Assigned task: Print word for word the records from the line containing "Minimalist Work Tools" through the end.

(Beginning of Given records)

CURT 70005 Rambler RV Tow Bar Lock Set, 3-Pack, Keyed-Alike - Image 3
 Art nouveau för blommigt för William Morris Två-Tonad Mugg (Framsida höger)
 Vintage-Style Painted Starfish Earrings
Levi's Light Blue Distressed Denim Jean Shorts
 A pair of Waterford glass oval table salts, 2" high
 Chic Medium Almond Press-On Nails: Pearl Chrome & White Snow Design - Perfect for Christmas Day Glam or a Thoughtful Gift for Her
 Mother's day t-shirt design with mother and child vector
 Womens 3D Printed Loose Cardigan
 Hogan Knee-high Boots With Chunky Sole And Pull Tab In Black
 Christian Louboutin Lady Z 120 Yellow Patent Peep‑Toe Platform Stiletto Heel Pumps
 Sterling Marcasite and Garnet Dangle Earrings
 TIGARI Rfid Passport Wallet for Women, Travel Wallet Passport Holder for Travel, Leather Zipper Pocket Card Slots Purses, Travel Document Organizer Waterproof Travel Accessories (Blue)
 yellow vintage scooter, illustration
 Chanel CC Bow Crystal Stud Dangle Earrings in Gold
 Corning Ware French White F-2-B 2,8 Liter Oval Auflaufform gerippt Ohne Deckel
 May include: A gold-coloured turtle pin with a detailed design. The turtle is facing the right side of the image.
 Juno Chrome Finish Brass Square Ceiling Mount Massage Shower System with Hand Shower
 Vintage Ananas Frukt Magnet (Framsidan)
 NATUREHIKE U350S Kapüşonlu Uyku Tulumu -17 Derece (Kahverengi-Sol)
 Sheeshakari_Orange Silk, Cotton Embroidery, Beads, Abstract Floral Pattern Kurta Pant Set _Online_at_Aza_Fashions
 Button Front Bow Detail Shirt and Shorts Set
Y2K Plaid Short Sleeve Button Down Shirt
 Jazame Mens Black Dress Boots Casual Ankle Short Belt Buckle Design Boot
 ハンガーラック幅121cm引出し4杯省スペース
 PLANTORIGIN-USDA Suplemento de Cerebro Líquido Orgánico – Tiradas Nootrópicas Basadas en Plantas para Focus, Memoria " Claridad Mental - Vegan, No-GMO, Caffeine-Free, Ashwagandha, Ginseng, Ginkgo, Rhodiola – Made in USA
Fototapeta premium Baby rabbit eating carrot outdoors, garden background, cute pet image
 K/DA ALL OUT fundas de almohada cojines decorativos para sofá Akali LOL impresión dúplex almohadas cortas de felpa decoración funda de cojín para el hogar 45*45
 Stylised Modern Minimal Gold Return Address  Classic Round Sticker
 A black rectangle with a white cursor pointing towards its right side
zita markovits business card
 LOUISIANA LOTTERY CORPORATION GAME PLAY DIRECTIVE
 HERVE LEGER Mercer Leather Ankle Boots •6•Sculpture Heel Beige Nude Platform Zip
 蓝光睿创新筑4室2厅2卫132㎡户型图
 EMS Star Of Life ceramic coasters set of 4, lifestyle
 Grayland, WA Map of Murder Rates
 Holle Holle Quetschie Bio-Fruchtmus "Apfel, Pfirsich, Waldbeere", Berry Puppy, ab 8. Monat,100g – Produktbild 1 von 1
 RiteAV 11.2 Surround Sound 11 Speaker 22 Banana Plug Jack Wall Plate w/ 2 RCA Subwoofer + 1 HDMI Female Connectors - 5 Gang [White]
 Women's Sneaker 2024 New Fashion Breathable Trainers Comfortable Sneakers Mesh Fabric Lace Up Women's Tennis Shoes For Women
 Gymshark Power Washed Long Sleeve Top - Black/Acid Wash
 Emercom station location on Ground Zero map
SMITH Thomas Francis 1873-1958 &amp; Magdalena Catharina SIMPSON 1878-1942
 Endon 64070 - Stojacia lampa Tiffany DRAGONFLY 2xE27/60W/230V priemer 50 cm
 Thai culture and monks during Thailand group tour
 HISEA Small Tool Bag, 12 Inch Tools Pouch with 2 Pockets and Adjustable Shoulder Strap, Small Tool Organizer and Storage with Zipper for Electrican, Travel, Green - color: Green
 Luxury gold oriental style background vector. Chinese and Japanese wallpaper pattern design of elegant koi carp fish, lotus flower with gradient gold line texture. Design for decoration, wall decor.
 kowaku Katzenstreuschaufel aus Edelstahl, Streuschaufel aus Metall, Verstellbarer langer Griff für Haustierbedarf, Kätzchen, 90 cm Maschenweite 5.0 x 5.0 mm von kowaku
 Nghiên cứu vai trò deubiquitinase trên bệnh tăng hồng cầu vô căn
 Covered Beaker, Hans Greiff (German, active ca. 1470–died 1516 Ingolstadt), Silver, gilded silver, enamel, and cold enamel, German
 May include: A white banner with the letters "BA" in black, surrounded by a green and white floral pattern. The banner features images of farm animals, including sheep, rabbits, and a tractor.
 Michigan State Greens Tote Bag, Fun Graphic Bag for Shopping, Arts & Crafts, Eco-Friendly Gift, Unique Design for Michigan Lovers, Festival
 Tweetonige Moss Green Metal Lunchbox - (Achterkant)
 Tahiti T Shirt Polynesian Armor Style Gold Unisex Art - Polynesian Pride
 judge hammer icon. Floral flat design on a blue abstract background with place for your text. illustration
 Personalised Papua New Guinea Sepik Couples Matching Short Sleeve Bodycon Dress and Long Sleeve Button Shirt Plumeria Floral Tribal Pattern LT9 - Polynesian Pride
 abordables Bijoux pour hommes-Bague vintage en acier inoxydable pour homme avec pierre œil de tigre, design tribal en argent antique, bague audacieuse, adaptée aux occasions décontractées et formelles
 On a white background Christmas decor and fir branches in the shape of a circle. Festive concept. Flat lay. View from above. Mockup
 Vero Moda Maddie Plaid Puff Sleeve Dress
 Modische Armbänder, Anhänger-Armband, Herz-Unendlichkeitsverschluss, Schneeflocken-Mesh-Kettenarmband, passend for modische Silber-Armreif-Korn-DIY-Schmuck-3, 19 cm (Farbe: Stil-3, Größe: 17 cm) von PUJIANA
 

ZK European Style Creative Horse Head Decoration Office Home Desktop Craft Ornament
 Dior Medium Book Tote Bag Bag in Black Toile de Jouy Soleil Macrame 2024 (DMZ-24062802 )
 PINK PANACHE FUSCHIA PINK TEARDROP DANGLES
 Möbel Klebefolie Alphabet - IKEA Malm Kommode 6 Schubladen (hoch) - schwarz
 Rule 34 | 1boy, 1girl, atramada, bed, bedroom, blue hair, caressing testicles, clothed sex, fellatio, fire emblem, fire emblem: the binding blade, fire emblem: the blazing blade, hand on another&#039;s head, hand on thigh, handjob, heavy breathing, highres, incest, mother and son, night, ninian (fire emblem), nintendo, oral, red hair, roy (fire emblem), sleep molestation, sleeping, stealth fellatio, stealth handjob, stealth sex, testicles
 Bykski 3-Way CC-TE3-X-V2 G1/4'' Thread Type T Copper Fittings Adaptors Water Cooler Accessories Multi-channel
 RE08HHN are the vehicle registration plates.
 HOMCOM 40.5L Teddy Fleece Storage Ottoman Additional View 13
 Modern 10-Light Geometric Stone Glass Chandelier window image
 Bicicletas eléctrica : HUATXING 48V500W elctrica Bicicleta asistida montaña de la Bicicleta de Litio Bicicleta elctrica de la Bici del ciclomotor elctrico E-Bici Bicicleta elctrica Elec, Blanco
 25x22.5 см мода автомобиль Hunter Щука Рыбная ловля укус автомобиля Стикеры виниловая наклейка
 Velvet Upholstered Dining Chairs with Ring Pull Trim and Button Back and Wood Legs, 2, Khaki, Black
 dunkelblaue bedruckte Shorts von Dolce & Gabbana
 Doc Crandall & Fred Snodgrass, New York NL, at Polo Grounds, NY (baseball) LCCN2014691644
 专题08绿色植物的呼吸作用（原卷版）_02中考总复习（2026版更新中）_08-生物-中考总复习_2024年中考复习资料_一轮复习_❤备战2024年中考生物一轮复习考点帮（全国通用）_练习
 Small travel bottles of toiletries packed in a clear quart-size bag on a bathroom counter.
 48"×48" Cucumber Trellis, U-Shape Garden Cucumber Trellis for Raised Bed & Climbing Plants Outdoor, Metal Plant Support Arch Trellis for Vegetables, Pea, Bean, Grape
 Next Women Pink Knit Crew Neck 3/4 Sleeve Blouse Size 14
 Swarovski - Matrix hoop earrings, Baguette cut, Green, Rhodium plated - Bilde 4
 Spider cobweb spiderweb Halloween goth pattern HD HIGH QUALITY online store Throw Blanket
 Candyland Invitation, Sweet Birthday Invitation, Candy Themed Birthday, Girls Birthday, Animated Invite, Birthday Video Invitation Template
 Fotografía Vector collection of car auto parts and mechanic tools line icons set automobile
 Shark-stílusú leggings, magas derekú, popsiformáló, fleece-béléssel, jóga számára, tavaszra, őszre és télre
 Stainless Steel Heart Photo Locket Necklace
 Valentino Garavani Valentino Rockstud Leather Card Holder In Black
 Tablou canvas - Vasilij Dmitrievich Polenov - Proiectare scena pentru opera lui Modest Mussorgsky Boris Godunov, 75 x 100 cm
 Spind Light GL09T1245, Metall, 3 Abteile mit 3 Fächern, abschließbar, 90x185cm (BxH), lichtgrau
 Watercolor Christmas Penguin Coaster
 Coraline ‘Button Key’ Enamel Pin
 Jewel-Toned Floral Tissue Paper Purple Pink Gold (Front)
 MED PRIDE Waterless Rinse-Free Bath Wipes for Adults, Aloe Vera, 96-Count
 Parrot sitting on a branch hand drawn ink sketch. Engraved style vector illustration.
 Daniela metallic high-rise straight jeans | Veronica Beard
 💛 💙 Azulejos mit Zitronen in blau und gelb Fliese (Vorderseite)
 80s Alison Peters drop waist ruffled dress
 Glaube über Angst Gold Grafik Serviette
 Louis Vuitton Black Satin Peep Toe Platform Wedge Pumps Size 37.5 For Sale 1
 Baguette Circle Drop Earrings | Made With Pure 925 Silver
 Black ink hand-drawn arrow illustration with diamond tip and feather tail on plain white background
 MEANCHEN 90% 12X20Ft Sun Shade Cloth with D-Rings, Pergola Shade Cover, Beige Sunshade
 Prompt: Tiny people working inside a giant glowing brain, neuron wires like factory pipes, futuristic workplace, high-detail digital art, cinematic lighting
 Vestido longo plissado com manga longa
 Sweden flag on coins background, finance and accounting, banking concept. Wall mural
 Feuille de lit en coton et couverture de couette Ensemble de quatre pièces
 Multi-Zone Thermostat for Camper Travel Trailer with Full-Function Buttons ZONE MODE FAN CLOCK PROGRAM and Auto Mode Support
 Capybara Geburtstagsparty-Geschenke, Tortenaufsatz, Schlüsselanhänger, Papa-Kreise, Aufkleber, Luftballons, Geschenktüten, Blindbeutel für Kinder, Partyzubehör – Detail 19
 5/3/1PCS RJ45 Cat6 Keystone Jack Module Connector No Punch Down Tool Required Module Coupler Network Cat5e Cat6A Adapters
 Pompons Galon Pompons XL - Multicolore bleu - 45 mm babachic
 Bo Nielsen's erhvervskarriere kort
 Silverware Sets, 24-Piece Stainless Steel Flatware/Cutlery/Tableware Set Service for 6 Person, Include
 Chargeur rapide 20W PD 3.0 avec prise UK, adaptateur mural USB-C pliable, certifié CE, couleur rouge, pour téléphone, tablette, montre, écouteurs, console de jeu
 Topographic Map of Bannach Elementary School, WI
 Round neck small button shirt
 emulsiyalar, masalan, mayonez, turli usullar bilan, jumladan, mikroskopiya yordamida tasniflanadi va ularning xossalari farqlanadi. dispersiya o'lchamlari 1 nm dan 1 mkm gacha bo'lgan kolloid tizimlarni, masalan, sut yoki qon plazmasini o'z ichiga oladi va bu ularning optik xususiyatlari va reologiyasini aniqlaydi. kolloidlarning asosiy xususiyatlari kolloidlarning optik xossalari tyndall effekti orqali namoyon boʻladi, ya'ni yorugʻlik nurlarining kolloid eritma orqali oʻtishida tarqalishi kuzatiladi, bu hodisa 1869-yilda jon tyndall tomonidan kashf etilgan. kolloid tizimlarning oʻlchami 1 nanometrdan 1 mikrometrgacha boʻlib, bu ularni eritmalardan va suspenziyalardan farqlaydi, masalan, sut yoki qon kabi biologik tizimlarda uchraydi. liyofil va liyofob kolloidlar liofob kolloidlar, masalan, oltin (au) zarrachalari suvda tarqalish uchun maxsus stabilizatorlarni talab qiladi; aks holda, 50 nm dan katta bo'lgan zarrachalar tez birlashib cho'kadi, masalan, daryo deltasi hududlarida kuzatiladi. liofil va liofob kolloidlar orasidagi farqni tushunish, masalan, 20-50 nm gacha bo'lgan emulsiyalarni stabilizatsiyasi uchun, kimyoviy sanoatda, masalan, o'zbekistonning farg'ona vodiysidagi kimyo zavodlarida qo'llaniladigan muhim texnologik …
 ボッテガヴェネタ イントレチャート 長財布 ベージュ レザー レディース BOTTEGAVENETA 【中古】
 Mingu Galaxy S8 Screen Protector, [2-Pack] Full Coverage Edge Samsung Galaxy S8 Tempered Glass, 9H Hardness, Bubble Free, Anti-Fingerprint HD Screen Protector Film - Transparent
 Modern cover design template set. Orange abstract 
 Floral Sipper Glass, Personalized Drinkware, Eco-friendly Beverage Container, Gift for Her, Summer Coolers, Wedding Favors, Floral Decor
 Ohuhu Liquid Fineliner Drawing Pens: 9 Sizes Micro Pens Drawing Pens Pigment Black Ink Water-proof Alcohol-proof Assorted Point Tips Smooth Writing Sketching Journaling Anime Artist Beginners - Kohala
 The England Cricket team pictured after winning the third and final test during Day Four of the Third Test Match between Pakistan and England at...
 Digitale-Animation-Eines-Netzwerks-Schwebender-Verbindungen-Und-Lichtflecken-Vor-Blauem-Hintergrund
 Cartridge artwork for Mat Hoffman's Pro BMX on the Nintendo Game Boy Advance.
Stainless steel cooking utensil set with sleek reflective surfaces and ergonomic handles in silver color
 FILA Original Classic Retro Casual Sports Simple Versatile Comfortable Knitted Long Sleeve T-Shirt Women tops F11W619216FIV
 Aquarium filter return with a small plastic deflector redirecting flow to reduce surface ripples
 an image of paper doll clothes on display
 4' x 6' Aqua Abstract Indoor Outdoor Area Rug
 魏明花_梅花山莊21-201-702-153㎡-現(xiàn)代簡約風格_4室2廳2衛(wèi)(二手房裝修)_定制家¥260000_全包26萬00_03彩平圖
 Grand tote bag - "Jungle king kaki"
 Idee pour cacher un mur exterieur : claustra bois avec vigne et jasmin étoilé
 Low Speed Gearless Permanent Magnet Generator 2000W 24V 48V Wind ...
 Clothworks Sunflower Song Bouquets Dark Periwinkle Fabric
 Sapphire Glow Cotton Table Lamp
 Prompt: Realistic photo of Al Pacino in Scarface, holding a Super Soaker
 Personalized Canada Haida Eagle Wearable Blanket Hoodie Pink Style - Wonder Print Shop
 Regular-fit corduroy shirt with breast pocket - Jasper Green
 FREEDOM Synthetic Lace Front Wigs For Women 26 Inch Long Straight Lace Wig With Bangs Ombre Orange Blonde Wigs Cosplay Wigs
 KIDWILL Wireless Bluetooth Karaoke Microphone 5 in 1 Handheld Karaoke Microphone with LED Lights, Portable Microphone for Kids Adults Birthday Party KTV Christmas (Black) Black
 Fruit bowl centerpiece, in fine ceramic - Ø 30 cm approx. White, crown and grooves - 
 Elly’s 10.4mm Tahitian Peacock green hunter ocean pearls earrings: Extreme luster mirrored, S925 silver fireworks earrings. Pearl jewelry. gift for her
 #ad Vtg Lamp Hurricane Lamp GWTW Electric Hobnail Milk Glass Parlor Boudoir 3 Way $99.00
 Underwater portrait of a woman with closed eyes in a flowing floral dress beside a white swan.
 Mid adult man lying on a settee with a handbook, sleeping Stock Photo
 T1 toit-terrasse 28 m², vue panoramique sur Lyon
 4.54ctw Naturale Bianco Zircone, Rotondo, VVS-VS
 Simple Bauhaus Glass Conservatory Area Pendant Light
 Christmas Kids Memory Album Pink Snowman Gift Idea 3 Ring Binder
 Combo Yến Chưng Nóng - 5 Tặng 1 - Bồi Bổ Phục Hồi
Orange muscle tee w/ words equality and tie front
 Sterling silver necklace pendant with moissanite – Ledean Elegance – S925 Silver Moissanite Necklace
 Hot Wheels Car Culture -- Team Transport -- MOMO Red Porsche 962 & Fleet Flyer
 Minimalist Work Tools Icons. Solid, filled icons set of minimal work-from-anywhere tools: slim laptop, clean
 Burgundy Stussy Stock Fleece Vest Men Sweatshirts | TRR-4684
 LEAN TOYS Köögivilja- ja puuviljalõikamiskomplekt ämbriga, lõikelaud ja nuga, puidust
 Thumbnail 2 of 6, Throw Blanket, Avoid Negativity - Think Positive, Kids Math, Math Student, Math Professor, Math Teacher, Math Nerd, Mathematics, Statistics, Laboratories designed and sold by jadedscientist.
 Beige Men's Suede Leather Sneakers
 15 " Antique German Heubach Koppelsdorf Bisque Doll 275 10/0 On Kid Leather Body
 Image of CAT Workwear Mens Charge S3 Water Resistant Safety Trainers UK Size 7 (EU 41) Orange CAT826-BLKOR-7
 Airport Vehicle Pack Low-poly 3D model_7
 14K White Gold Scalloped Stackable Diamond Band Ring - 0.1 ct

(End of Given records)

Finished task:
 Minimalist Work Tools Icons. Solid, filled icons set of minimal work-from-anywhere tools: slim laptop, clean
 Burgundy Stussy Stock Fleece Vest Men Sweatshirts | TRR-4684
 LEAN TOYS Köögivilja- ja puuviljalõikamiskomplekt ämbriga, lõikelaud ja nuga, puidust
 Thumbnail 2 of 6, Throw Blanket, Avoid Negativity - Think Positive, Kids Math, Math Student, Math Professor, Math Teacher, Math Nerd, Mathematics, Statistics, Laboratories designed and sold by jadedscientist.
 Beige Men's Suede Leather Sneakers
 15 " Antique German Heubach Koppelsdorf Bisque Doll 275 10/0 On Kid Leather Body
 Image of CAT Workwear Mens Charge S3 Water Resistant Safety Trainers UK Size 7 (EU 41) Orange CAT826-BLKOR-7
 Airport Vehicle Pack Low-poly 3D model_7
 14K White Gold Scalloped Stackable Diamond Band Ring - 0.1 ct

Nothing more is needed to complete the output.